■ DATA SHOWN:
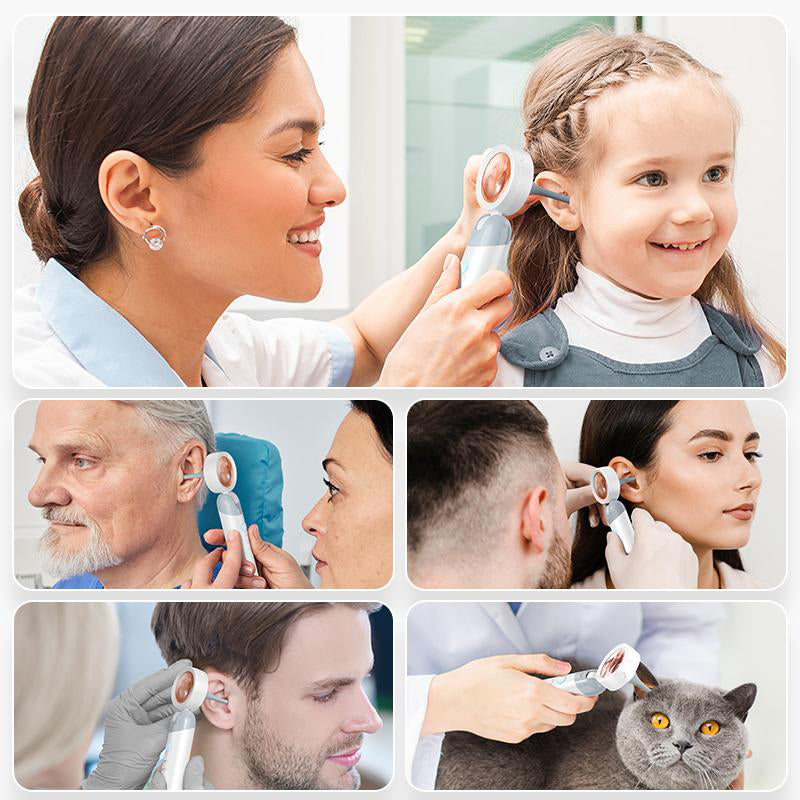 Ear Nose Mouth Scope with 1080P HD Camera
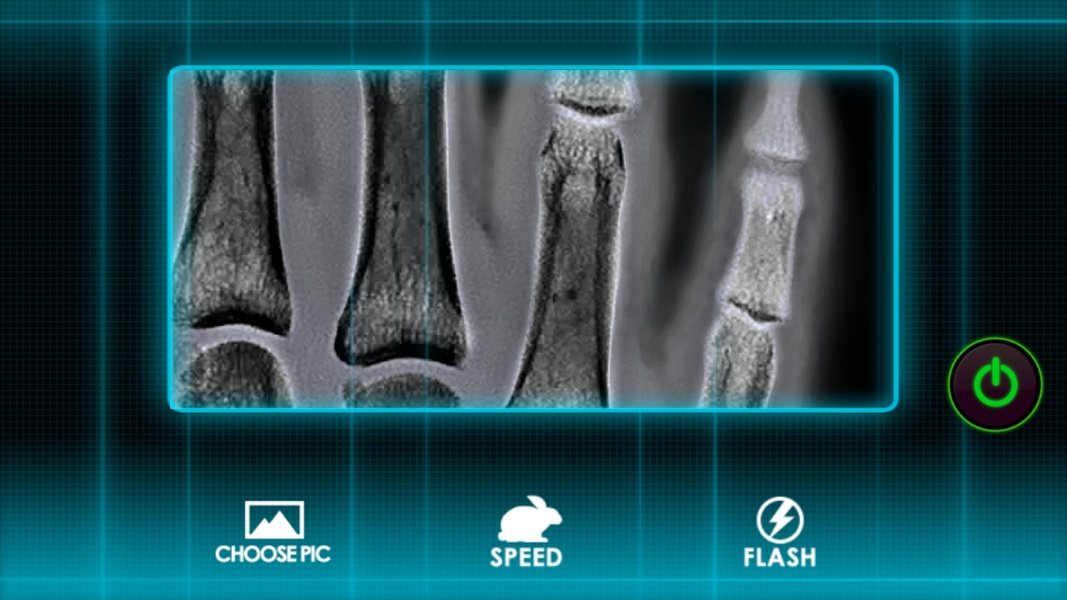 X-Ray Scanner: Augmented Prank - Preview 2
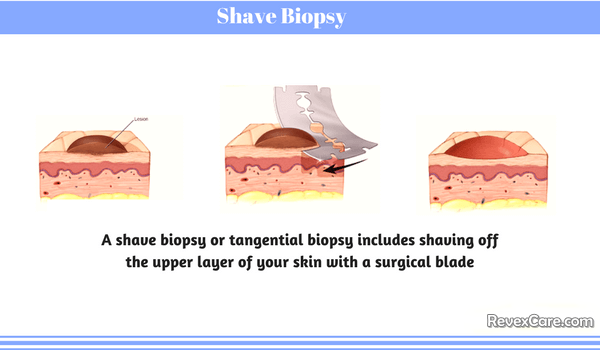 shave biopsy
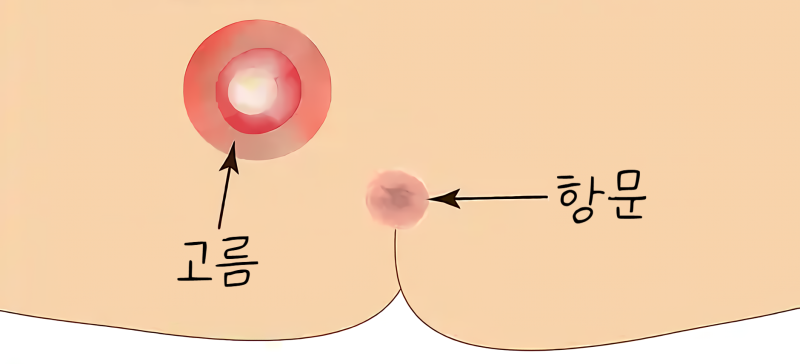 금호동 치루, 반복되는 항문 고름의 원인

■ YOUR OBJECTIVE:
Every line above should be transcribed word for word; leave the pictures out.

■ EXERCISE RESPONSE:
 Ear Nose Mouth Scope with 1080P HD Camera
 X-Ray Scanner: Augmented Prank - Preview 2
 shave biopsy
 금호동 치루, 반복되는 항문 고름의 원인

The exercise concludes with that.